*TASK GOAL*. For each line of the data below that holds "Stick", copy the line.

(RECORDED DATA)

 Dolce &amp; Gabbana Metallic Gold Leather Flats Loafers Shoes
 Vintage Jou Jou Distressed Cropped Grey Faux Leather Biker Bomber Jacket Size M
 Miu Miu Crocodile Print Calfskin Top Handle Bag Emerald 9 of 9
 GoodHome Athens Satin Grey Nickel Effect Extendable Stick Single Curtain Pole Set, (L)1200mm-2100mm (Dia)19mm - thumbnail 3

(End RECORDED DATA)
(RECORDED DATA)

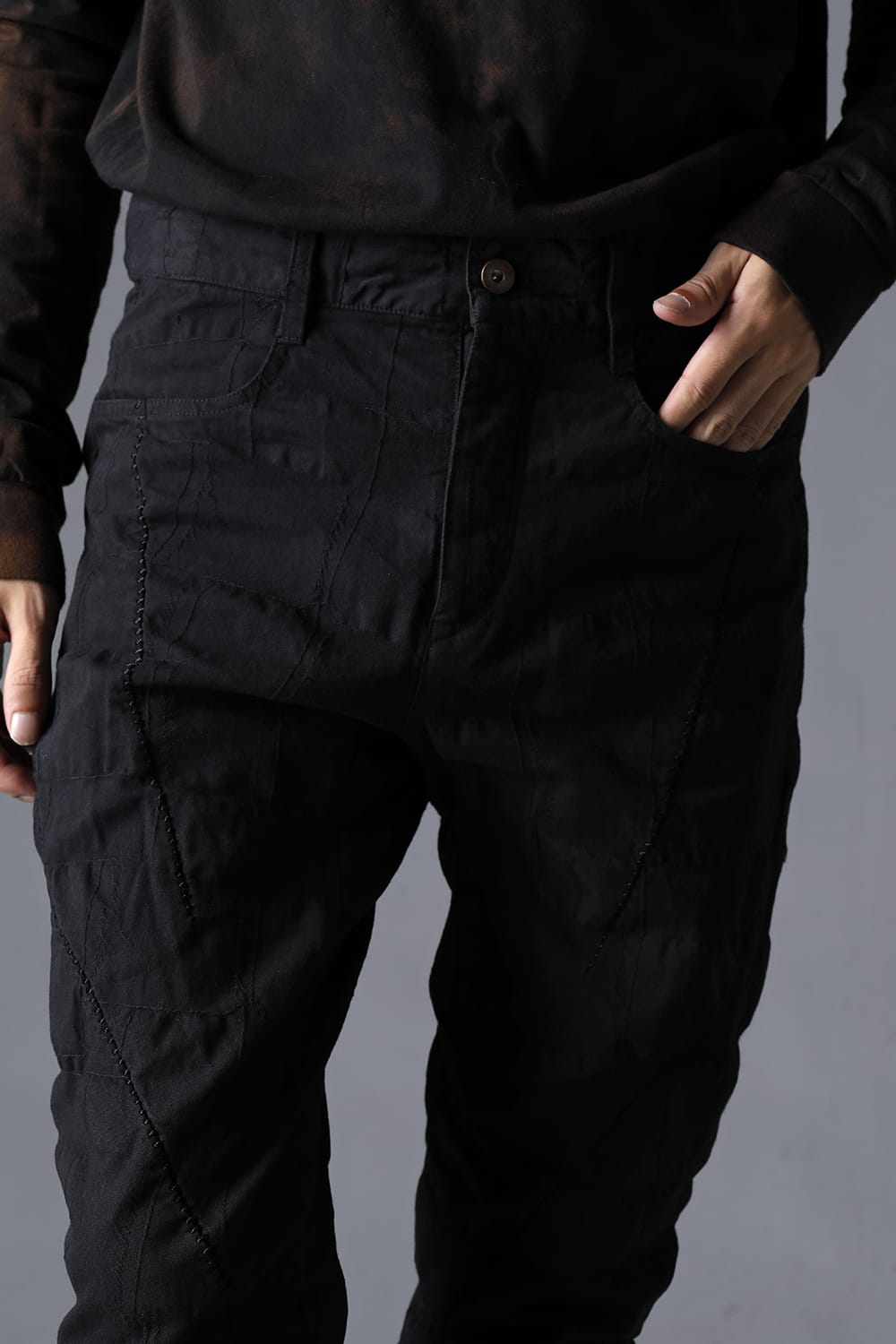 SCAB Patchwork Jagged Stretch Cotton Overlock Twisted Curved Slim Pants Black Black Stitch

(End RECORDED DATA)
(RECORDED DATA)

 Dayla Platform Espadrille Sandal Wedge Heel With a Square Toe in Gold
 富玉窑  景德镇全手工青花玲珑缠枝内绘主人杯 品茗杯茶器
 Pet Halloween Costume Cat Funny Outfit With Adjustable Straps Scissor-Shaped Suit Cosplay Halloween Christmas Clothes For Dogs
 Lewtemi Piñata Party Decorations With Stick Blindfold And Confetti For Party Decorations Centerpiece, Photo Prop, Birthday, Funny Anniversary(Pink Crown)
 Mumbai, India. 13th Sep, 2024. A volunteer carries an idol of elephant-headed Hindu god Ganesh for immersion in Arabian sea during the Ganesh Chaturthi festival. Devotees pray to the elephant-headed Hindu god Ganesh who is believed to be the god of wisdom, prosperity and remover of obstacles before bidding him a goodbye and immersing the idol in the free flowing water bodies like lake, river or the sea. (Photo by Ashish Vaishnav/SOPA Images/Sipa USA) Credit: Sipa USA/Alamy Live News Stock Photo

(End RECORDED DATA)

*ANSWER BELOW*.
 GoodHome Athens Satin Grey Nickel Effect Extendable Stick Single Curtain Pole Set, (L)1200mm-2100mm (Dia)19mm - thumbnail 3
 Lewtemi Piñata Party Decorations With Stick Blindfold And Confetti For Party Decorations Centerpiece, Photo Prop, Birthday, Funny Anniversary(Pink Crown)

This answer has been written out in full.